Specs for all PSP models

The PlayStation Portable is a handheld gaming console.

When Was the PSP Release Date?

First released by Sony in Japan in 2004, the PSP was considered the most powerful portable video game console when it was first introduced. It received several model refreshes before being replaced by the PlayStation Vita in 2011. While all of Sony's PSPs had—with the exception of the PSPgo—basically the same form factor, there are some important differences. Here's a rundown of each device, and the PlayStation Vita, with links to detailed specs.


The Sony PSP 1000 was the first of the PSP family.

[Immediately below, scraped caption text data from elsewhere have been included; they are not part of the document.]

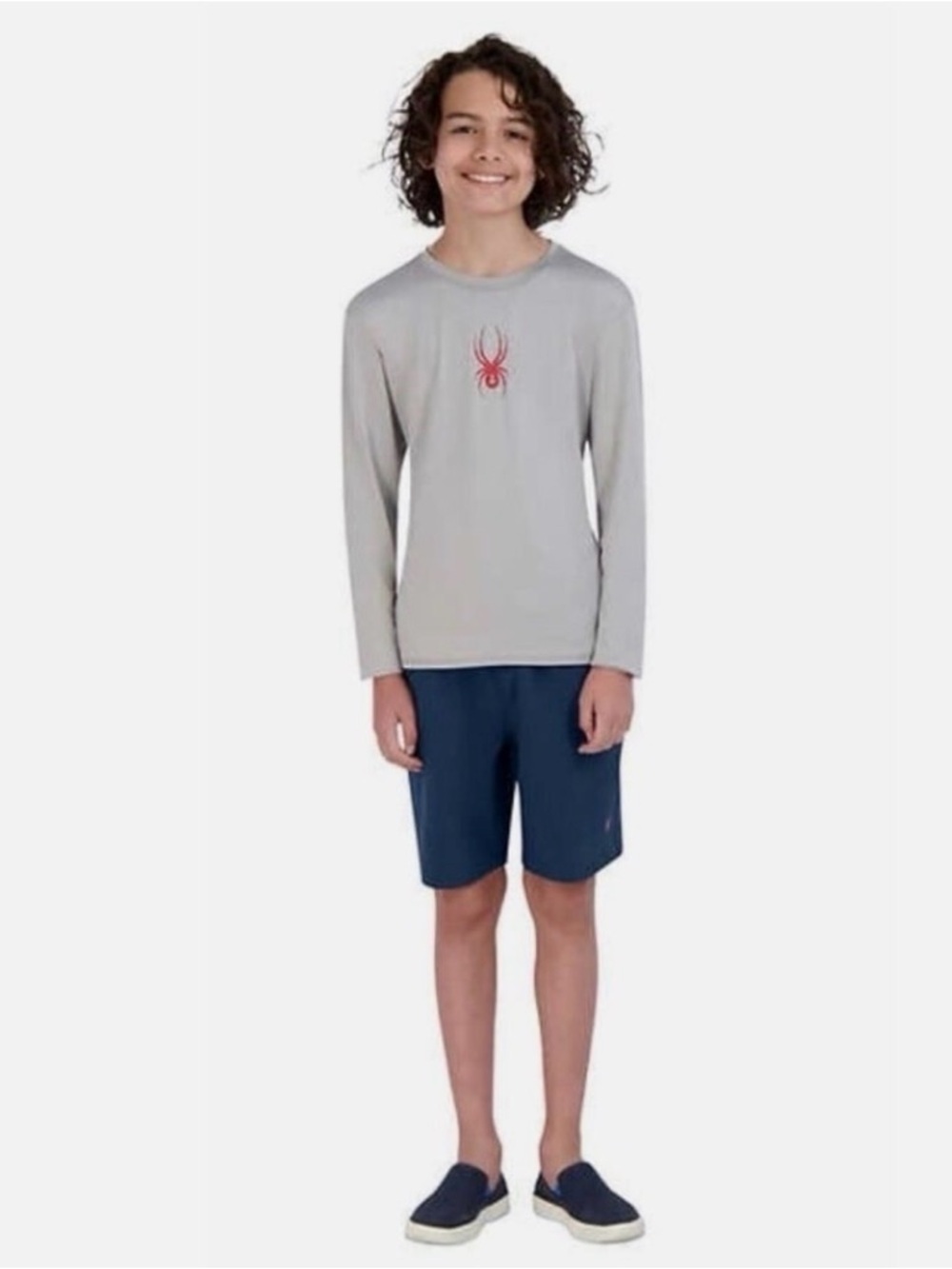 Spyder Boys Rash Guard Gray Long Sleeve Swim Shirt Size S UV Protection NWOT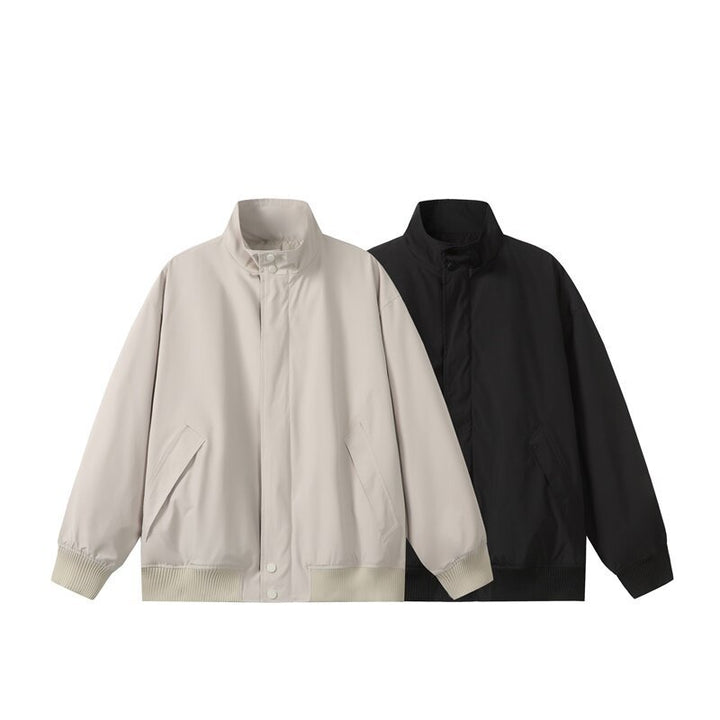 Unisex Short Cut Oversized Bomber Jacket with Stand-Up Collar, Concealed Front Placket, and Ribbed Cuffs Mune Fashion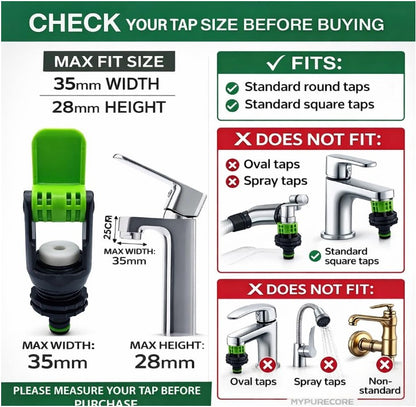 Universal Tap Connector Adapter Mixer Indoor and Outdoor | Adjustable and Click-Lock | Includes Bonus Female Connector for 1/2" or 5/8" Hose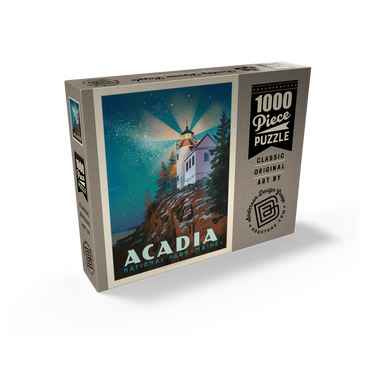 Acadia National Park: Lighthouse At Night, Vintage Poster 1000 Jigsaw Puzzle box view2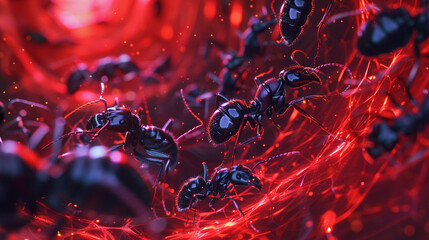 A colony of ants marching in a mesmerizing abstract fluid background. - obrazy, fototapety, plakaty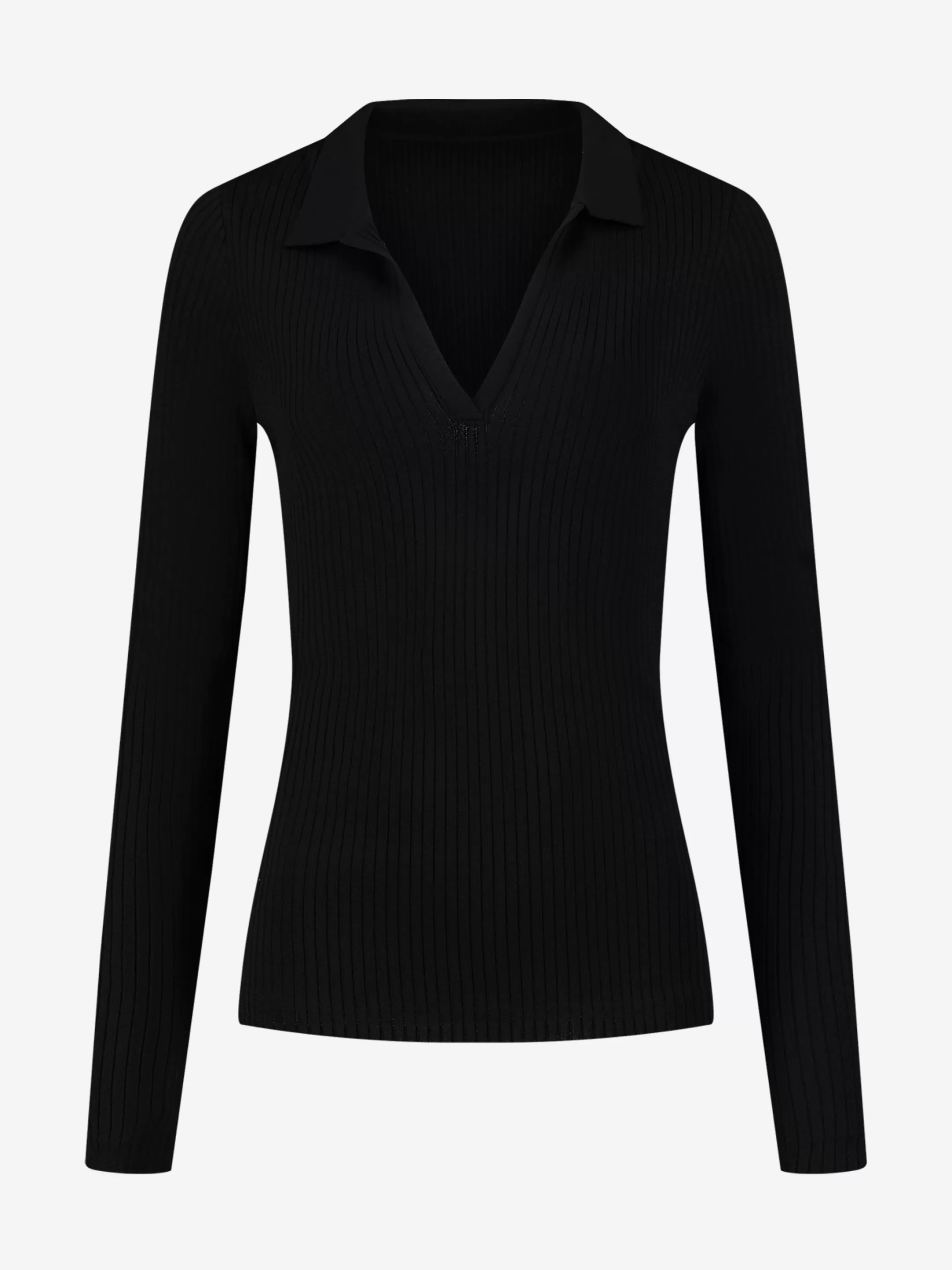 Shop NIKKIE Rib Top with V-neckline Black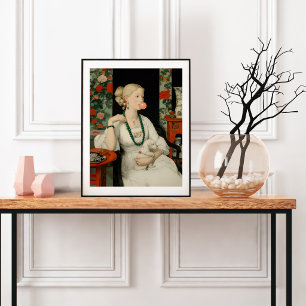 Affiche Femme et chien Bubble Gum rose bulle Coloré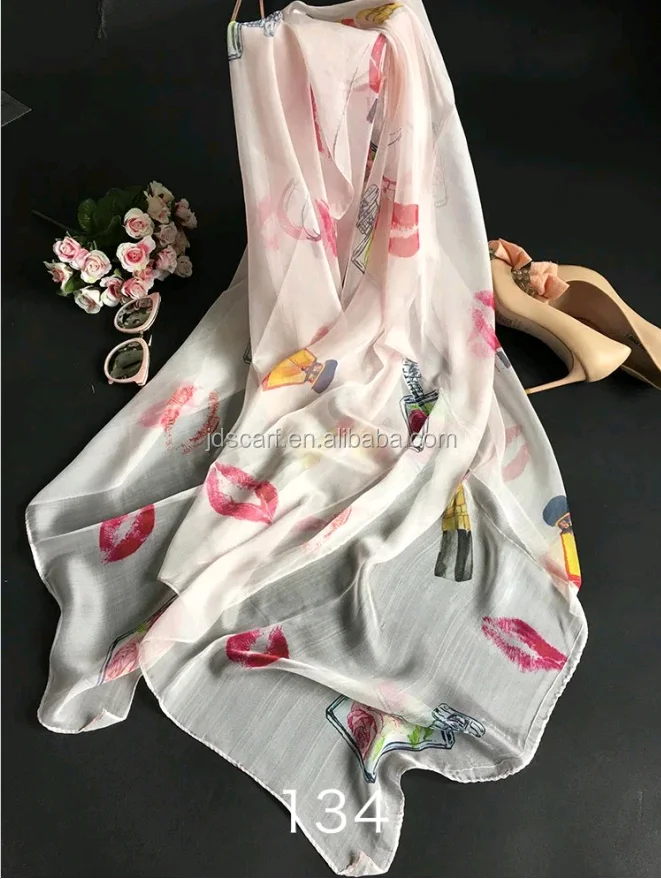high quality feel soft pure silk scarf chinese scarf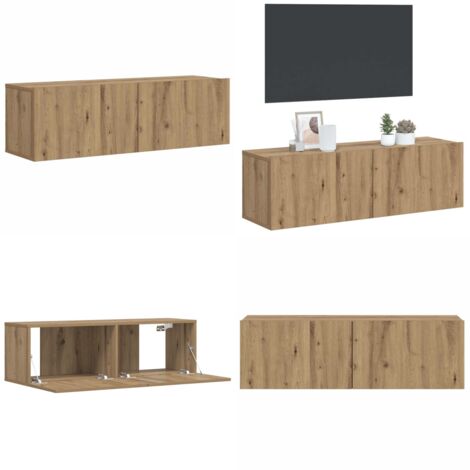 Mobile TV a Parete Rovere Artigianale 100x30x30cm in Truciolato - Mobile TV - Mobile per TV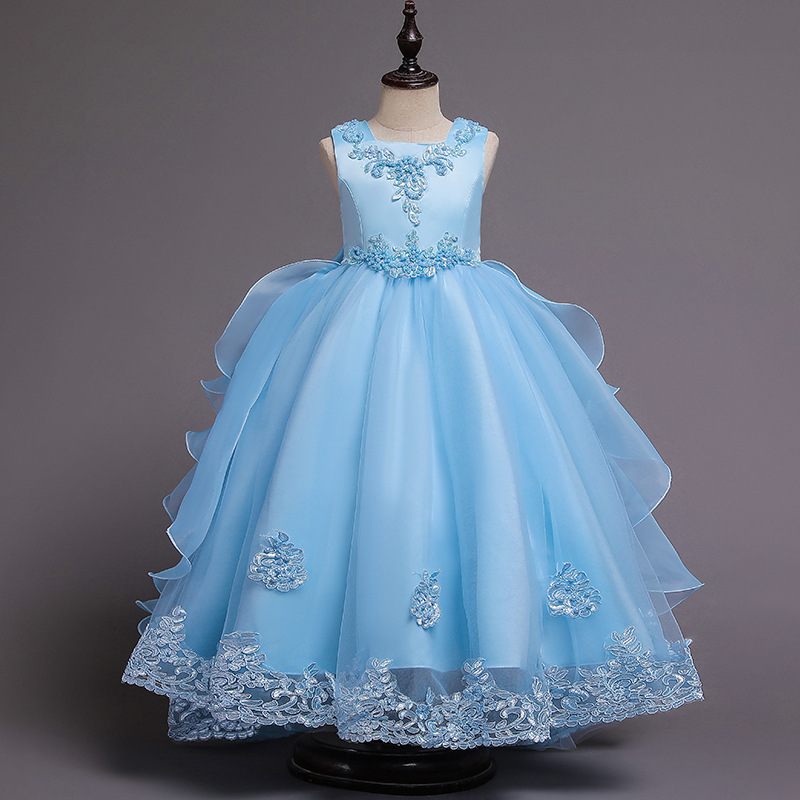 New girls' dress sleeveless round neck beaded bow gauze fluffy skirt long dress trailing dress suitable for birthday school party family party dinner dress costume.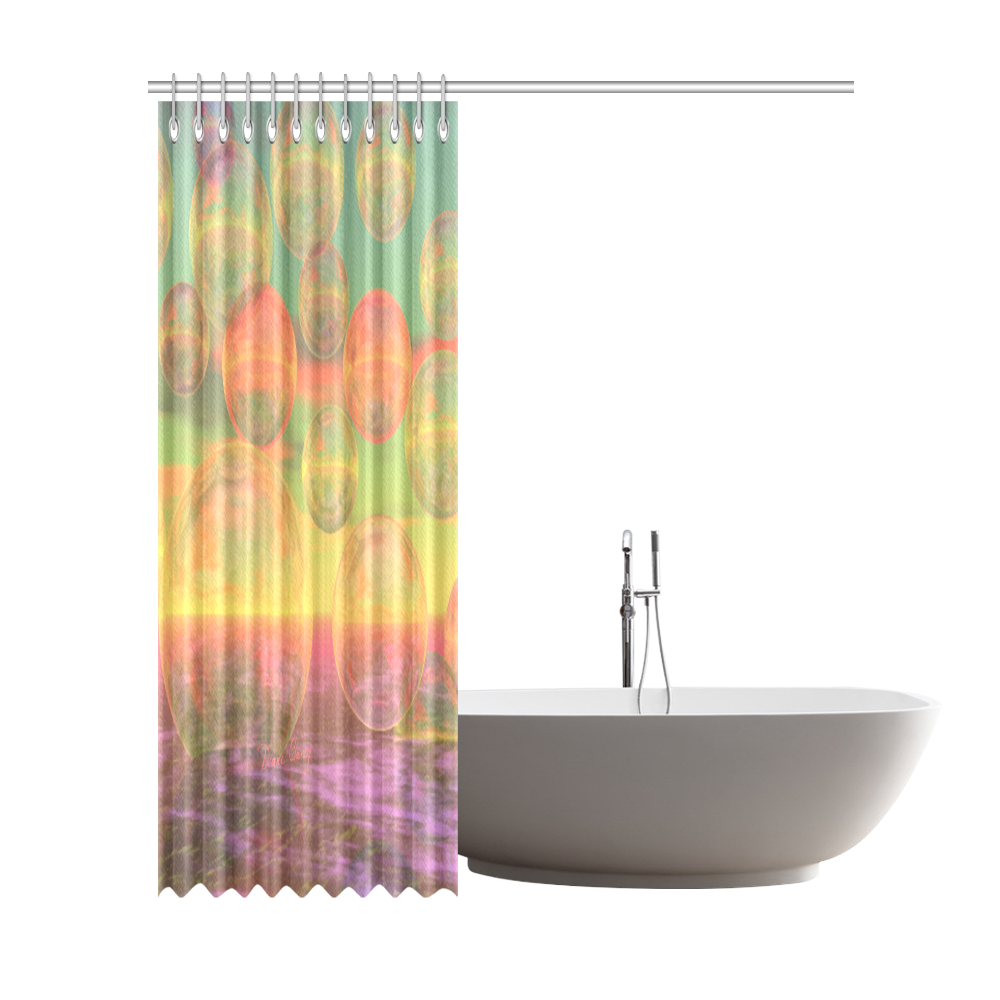 Autumn Ruminations, Abstract Gold Rose Glory Shower Curtain 72"x84"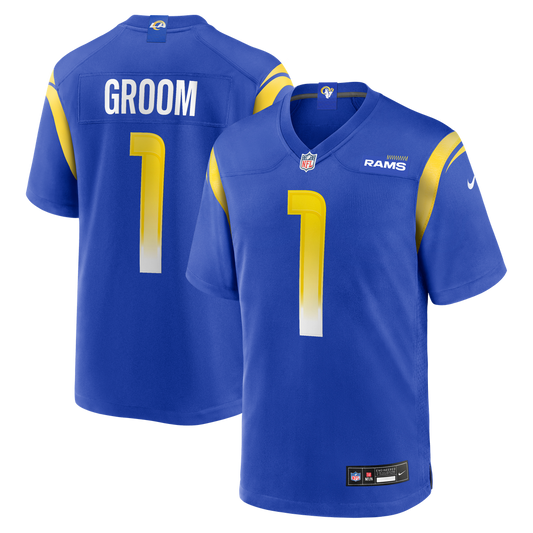 Men's Los Angeles Rams Number 1 Groom Nike Royal Game Jersey product image 1
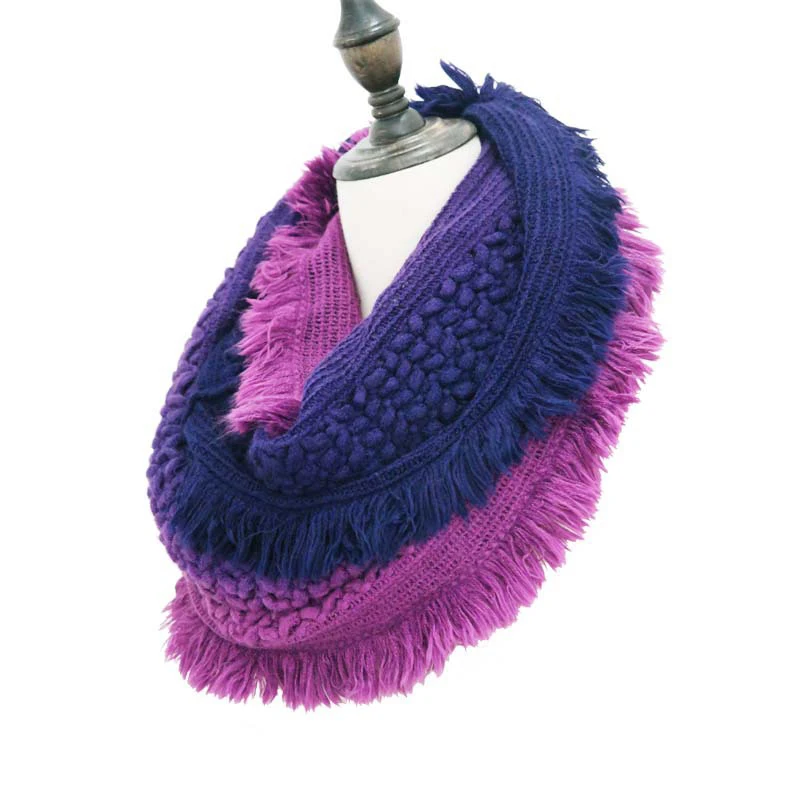 Новое модное фиолетовое кольцо женский шарф леди выцветает ананас крючком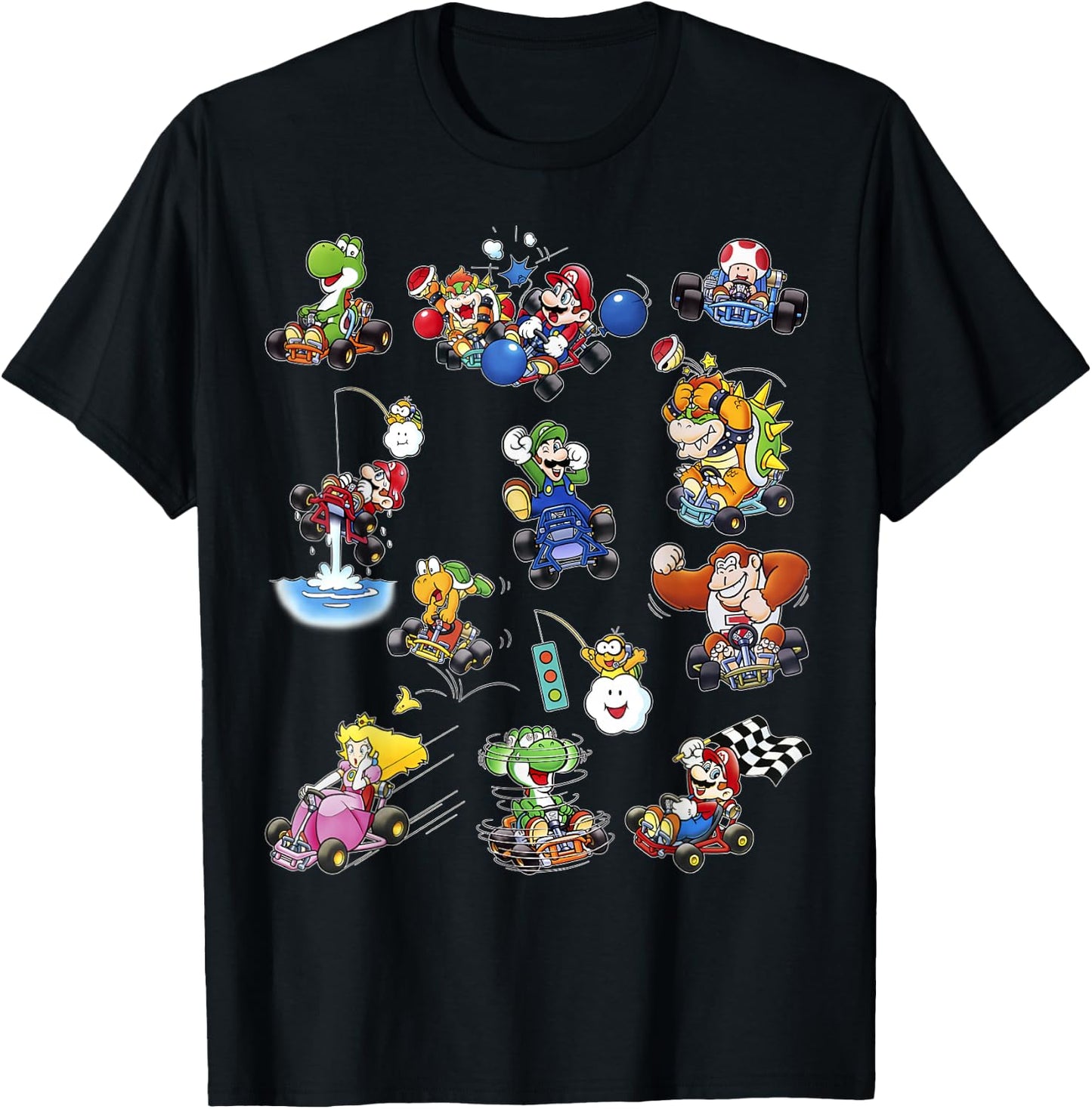Mario Kart Racers Action Mach Up Poster T-Shirt - T-Shirt | Black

It seems a bit heavy and clunky now, but when the PSP first came out it was sleek, shiny, and powerful. The screen was bright enough and big enough to make watching movies a great on-the-go experience, even if the games weren't as graphically detailed as their full-sized console cousins. The original PSP was envisioned as a multi-media device, with the hardware to handle movies, music, photos, and games.


The Sony PSP 2000.

The second PSP model was dubbed the "PSP Slim" (or "PSP Slim and Lite" in Europe) by fans, because it significantly reduced the thickness and weight of the original device. Hardware changes were fairly minimal, but included an improved screen, a better UMD door, and a faster processor. A few switches were moved around to accommodate the thinner silhouette. Sony also added Skype to the firmware, so the PSP could even be used as a phone.


The Sony PSP 3000.

The main change to the third PSP model (aside from a somewhat improved battery) was the brighter LCD screen, leading to the nickname "PSP Brite" Early on, some users claimed they could see scan lines on the screen. Many people decided to stick with the earlier 2000 model as a result. There don't seem to be problems with the screen anymore, however, and the PSP-3000 is generally considered the best of the four PSPs (unless you're a hardcore homebrewer, in which case the PSP-1000 is preferred for the ability to downgrade the firmware).


The PSPGo.

The PSPgo is obviously different from its siblings, though the differences are primarily cosmetic. Aside from the complete lack of a UMD drive, it functions much the same as the PSP-3000, but in a smaller, more portable size.


The Sony PSP E1000.

The PSP-E1000 was a bit of a surprise announcement at Sony's 2011 Gamescom press conference. It features a minor cosmetic redesign, and loses the WiFi featured in other models. It also has mono instead of stereo sound and a slightly smaller screen than the other PSP models (not counting the PSPgo).

PS Vita

The Sony PSP Vita

The PlayStation Vita doesn't sports a bigger, brighter, higher-resolution screen without increasing size too drastically. It's also considerably more powerful than its predecessors. Most importantly, it features backwards-compatibility for some downloadable PSP games.